Look at verses 14-17. Jesus rebuked the temple and its keepers. He is the Lord who came full of grace and truth. He gives us truth, disciplines us in the truth and guides us in the truth to maintain God’s holiness in our temples. And he does so in great compassion. Yes he rebukes but he also forgives and blesses. After Jesus cleansed the temple, the blind and lame came to him and he healed them. God’s wrath rebukes us to wash our hearts clean with the grace of God. But he also pours his compassion on all who come to him. There were some among them who were blind and lame. But there were also countless people there who were spiritually blind and spiritually lame. They didn’t see the sin in their own hearts. Some knew the truth but were too lame to get up and walk by the truth. But many came to Jesus for healing and he healed them. He opened their eyes and made them walk. When you and I are convicted of sin, the only thing to do is come to Jesus for healing and blessing to live the lives he called us to live for his glory.

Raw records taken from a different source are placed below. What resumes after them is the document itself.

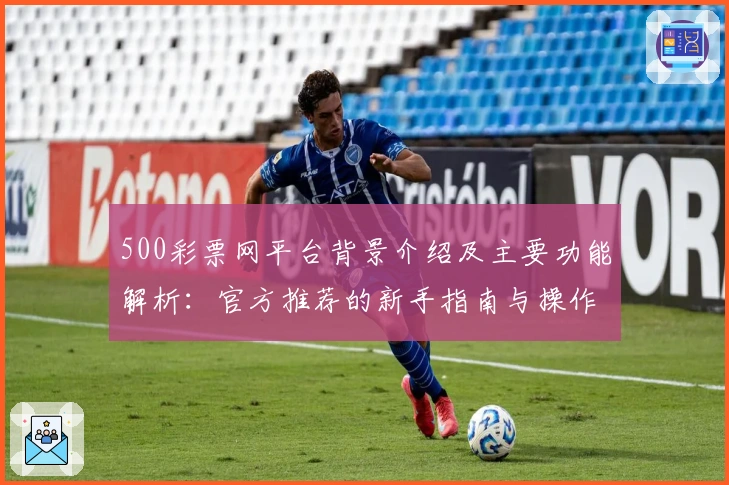 500彩票网平台背景介绍及主要功能解析：官方推荐的新手指南与操作体验分享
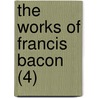 The Works Of Francis Bacon (4) door Sir Francis Bacon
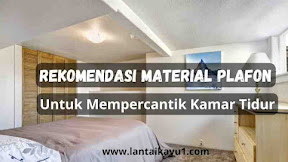 5 Material Plafon Ini Akan Mempercantik Kamar Tidurmu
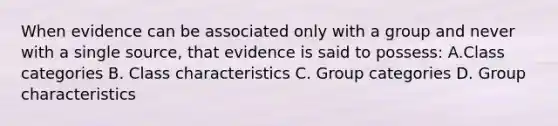 When evidence can be associated only with a group and never with a single source, that evidence is said to possess: A.Class categories B. Class characteristics C. Group categories D. Group characteristics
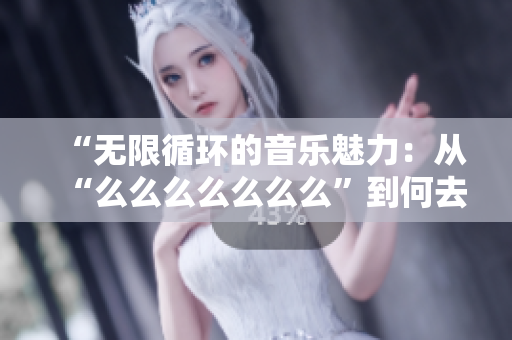 “无限循环的音乐魅力：从“么么么么么么么”到何去何从？”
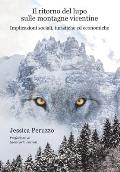 Il ritorno del lupo sulle montagne vicentine: Implicazioni sociali, turistiche ed economiche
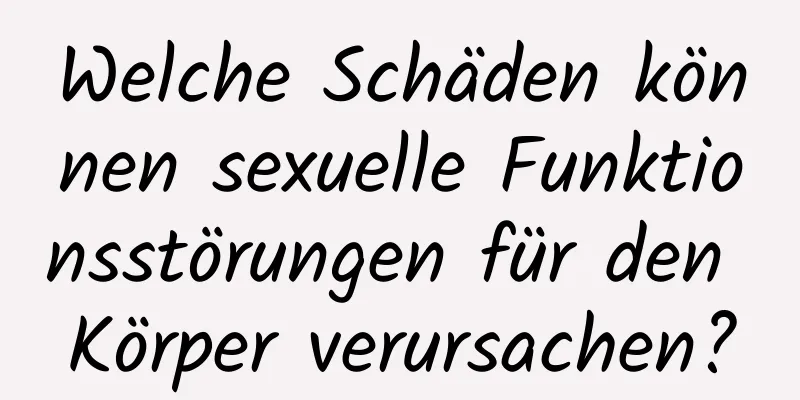 Welche Schäden können sexuelle Funktionsstörungen für den Körper verursachen?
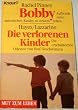 Bobby / Die verlorenen Kinder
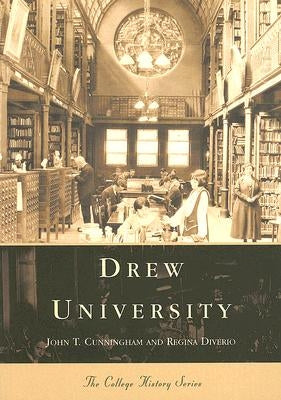 Drew University by Cunningham, John T.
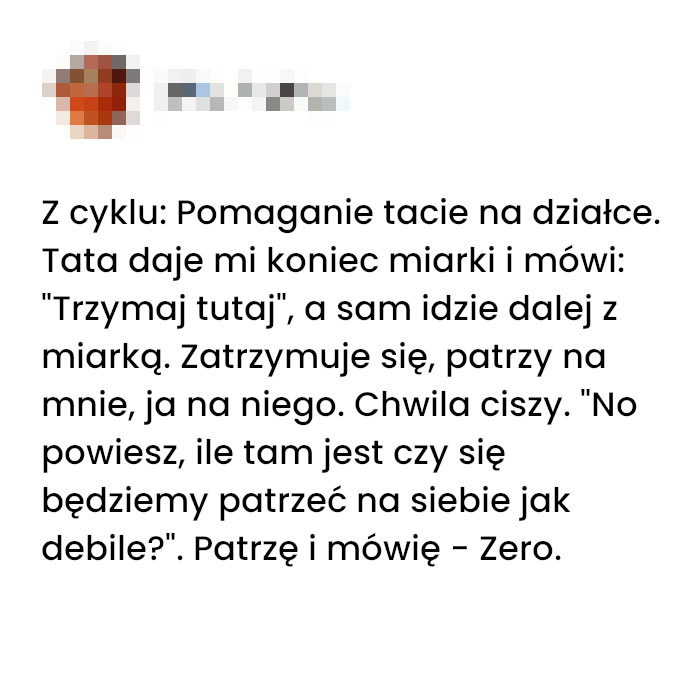 Pomaganie tacie na działce zawsze się tak kończy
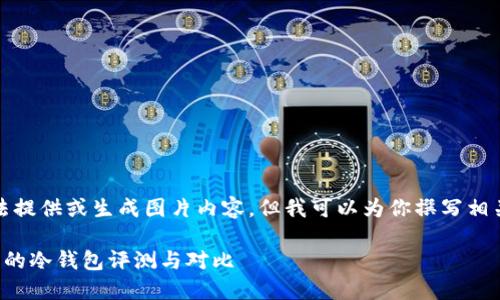 抱歉，我无法提供或生成图片内容，但我可以为你撰写相关文本内容。

十大最安全的冷钱包评测与对比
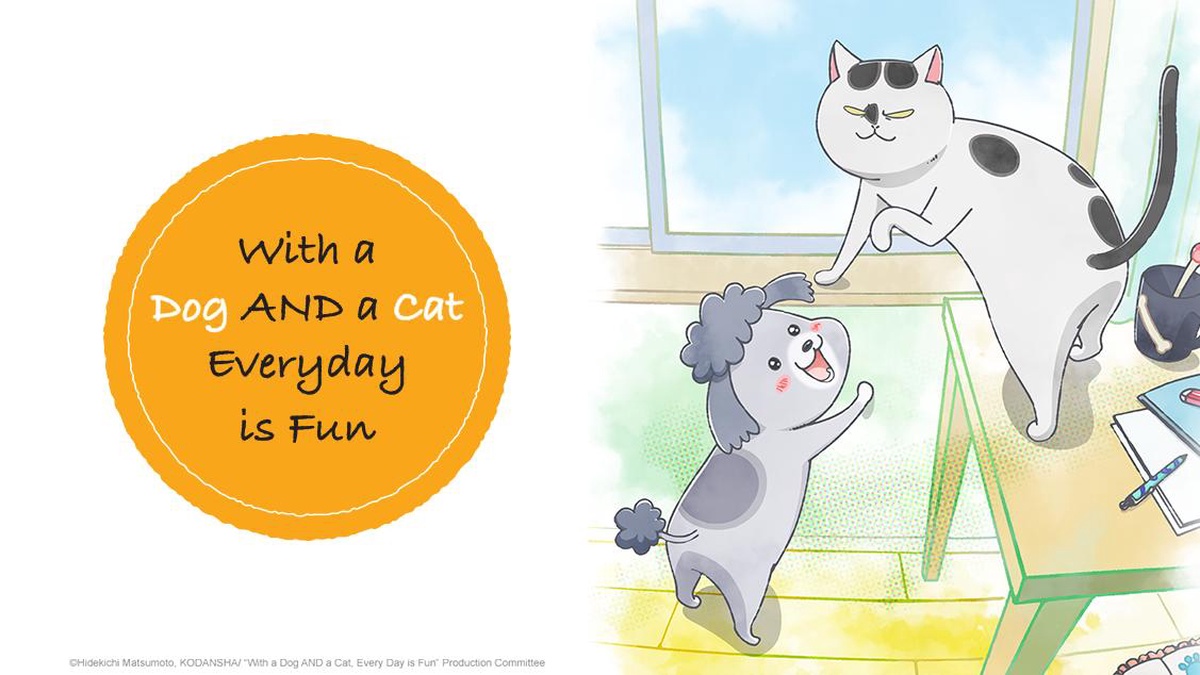 Watch With a Dog AND a Cat, Every Day is Fun - Crunchyroll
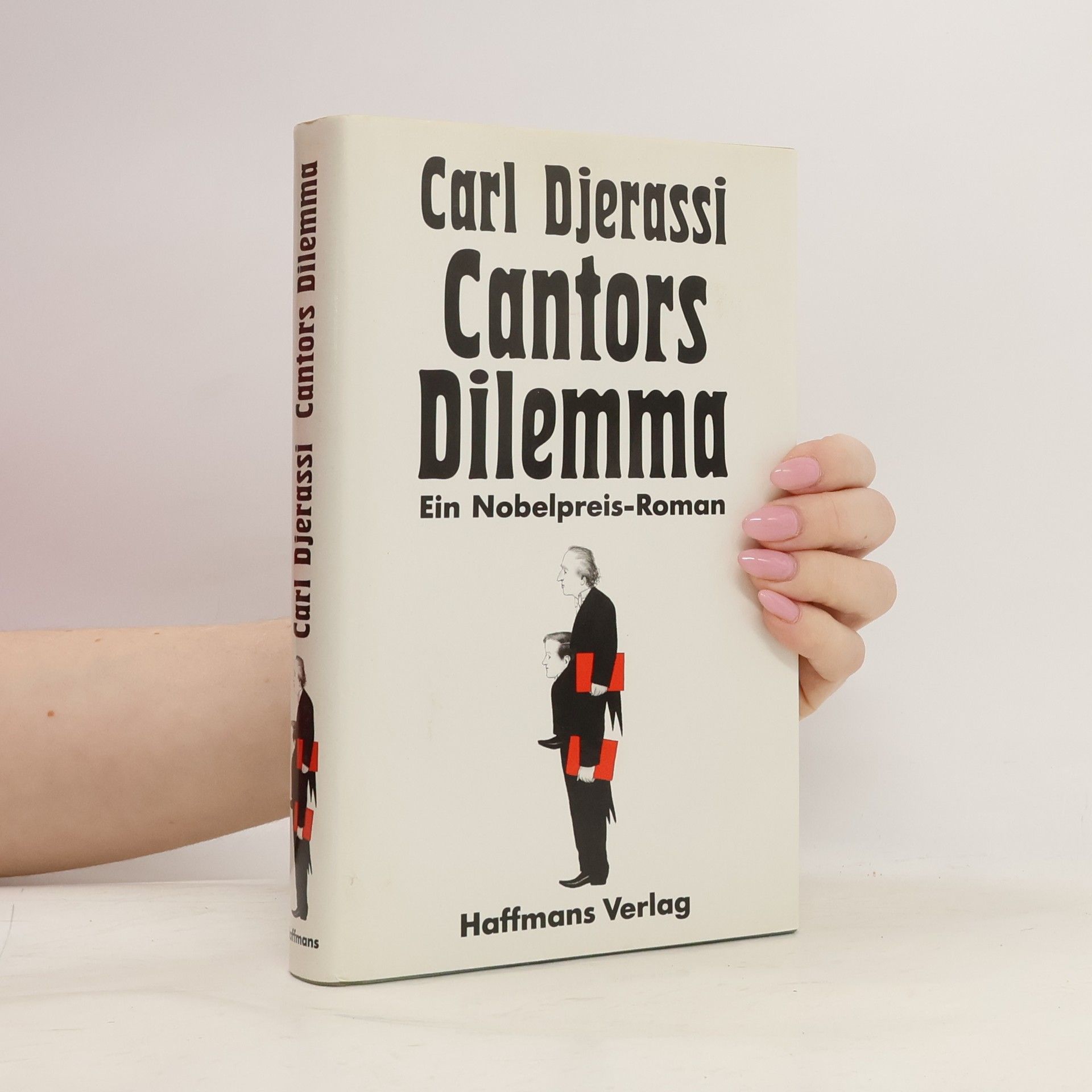 Carl Djerassi Cantors Dilemma. Roman. Dtsch. v. Ursula-Maria Mössner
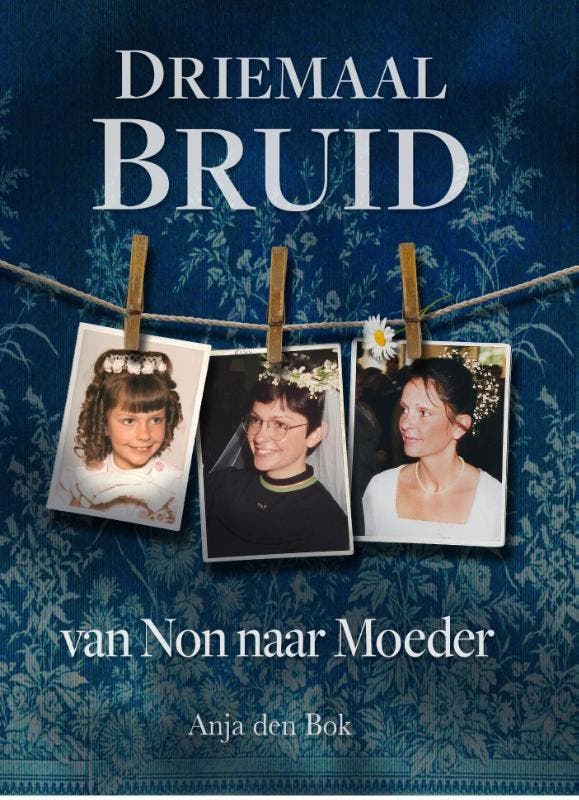 Driemaal Bruid 9789082487800 Anja den Bok-Mulders, Boeken, Literatuur, Zo goed als nieuw, Verzenden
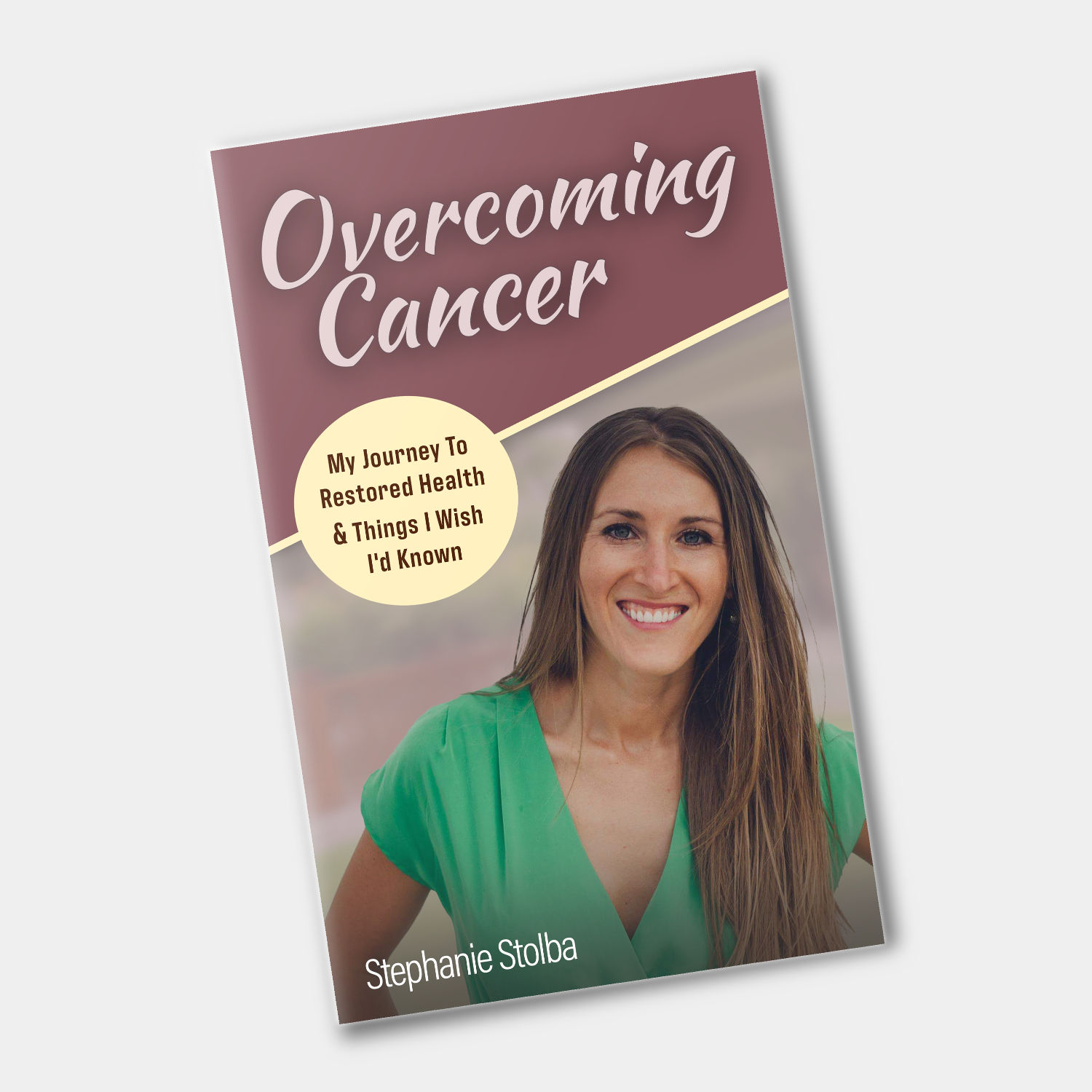 book cover for Overcoming Cancer with a photograph of Stephanie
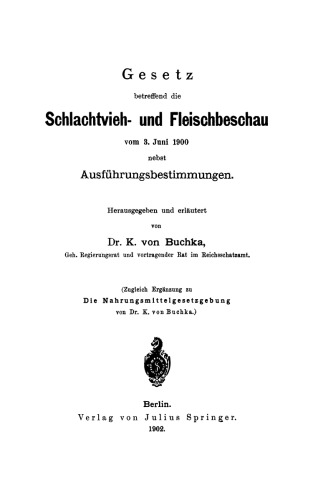 Gesetz betreffend die Schlachtvieh- und Fleischbeschau vom 3. Juni 1900 nebst Ausführungsbestimmungen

Look at verses 154-17 again. The religious leaders were proud and in their pride they missed the opportunity to come to Jesus for cleansing and for healing. What they did was to criticize Jesus for his actions. They wanted those who were praising Jesus to stop. How could people who have witnessed Jesus’ grace and truth ever stop praising and thanking God? They can’t. Jesus even quoted Scripture truth to these people in hope that their eyes would open. But they didn’t. As for us, we must never close our hearts to our Lord’s call to examine our hearts, and to ask for regular cleansing, and God in his mercy will flood our hearts, our churches, and our homes with his amazing grace. May God truly make our small church community, our lives and our homes into houses of prayer. Read verse 13. “’It is written’, he said to them, ‘My house will be called a house of prayer’, but you are making it a den of robbers.’” God bless your hearts with his grace and truth.